From: https://blogs.oracle.com/mysqlinnodb/entry/data_organization_in_innodb

Introduction

This article will explain how the data is organized in InnoDB storage engine. First we will look at the various files that are created by InnoDB, then we look at the logical data organization like tablespaces, pages, segments and extents. We will explore each of them in some detail and discuss about their relationship with each other. At the end of this article, the reader will have a high level view of the data layout within the InnoDB storage engine.

The Files

MySQL will store all data within the data directory. The data directory can be specified using the command line option –data-dir or in the configuration file as datadir. Refer to the Server Command Options for complete details.

By default, when InnoDB is initialized, it creates 3 important files in the data directory – ibdata1, ib_logfile0 and ib_logfile1. The ibdata1 is the data file in which system and user data will be stored. The ib_logfile0 and ib_logfile1 are the redo log files. The location and size of these files are configurable. Refer to Configuring InnoDB for more details.

The data file ibdata1 belongs to the system tablespace with tablespace id (space_id) of 0. The system tablespace can contain more than 1 data file. As of MySQL 5.6, only the system tablespace can contain more than 1 data file. All other tablespaces can contain only one data file. Also, only the system tablespace can contain more than one table, while all other tablespaces can contain only one table.

The data files and the redo log files are represented in the memory by the C structure fil_node_t.

Tablespaces

By default, InnoDB contains only one tablespace called the system tablespace whose identifier is 0. More tablespaces can be created indirectly using the innodb_file_per_table configuration parameter. In MySQL 5.6, this configuration parameter is ON by default. When it is ON, each table will be created in its own tablespace in a separate data file.

The relationship between the tablespace and data files is explained in the InnoDB source code comment (storage/innobase/fil/fil0fil.cc) which is quoted here for reference:

“A tablespace consists of a chain of files. The size of the files does not have to be divisible by the database block size, because we may just leave the last incomplete block unused. When a new file is appended to the tablespace, the maximum size of the file is also specified. At the moment, we think that it is best to extend the file to its maximum size already at the creation of the file, because then we can avoid dynamically extending the file when more space is needed for the tablespace.”

The last statement about avoiding dynamic extension is applicable only to the redo log files and not the data files. Data files are dynamically extended, but redo log files are pre-allocated. Also, as already mentioned earlier, only the system tablespace can have more than one data file.

It is also clearly mentioned that even though the tablespace can have multiple files, they are thought of as one single large file concatenated together. So the order of files within the tablespace is important.

Pages

A data file is logically divided into equal sized pages. The first page of the first data file is identified with page number of 0, and the next page would be 1 and so on.
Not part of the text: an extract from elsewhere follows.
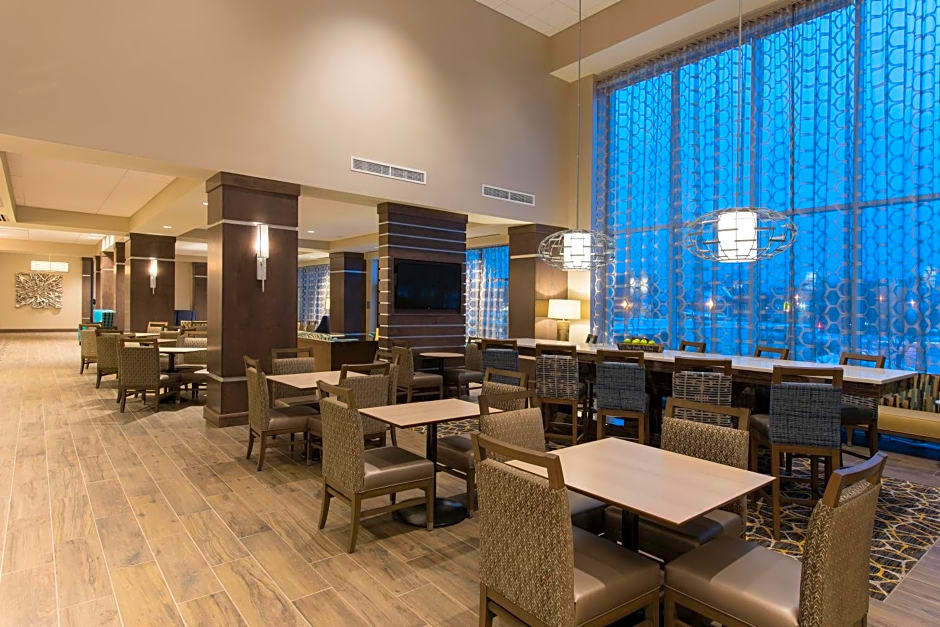 Hampton Inn & Suites Grand Rapids Downtown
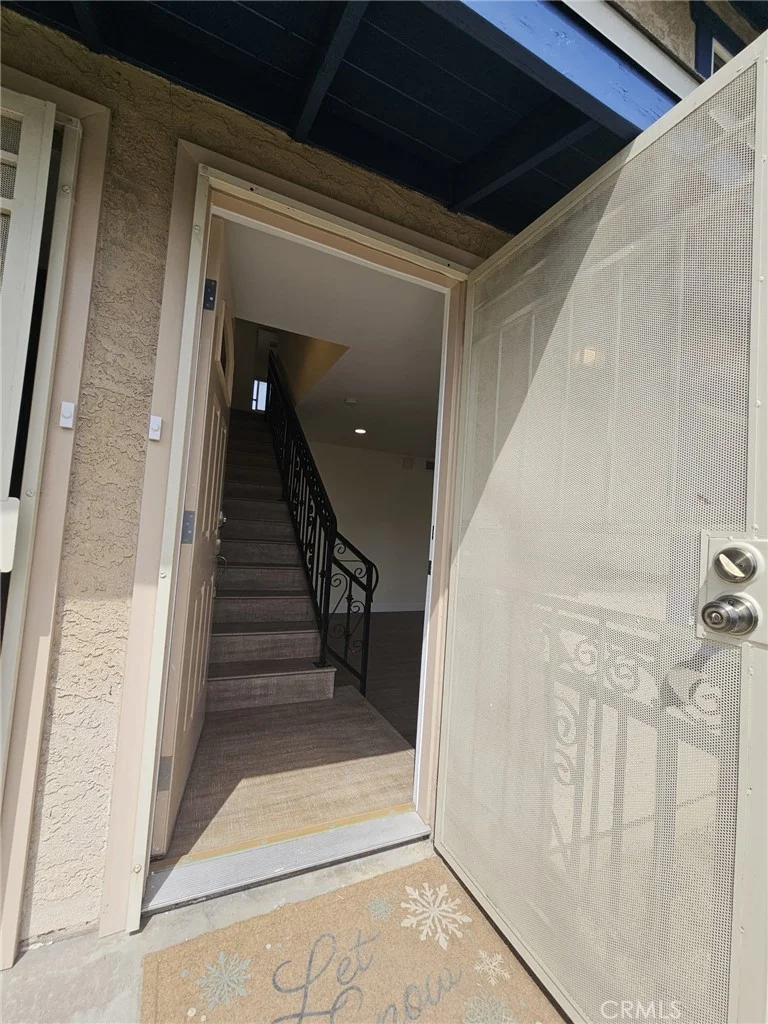 8041 Puritan photo 2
A page within a tablespace is uniquely identified by the page identifier or page number (page_no). And each tablespace is uniquely identified by the tablespace identifier (space_id). So a page is uniquely identified throughout InnoDB by using the (space_id, page_no) combination. And any location within InnoDB can be uniquely identified by the (space_id, page_no, page_offset) combination, where page_offset is the number of bytes within the given page.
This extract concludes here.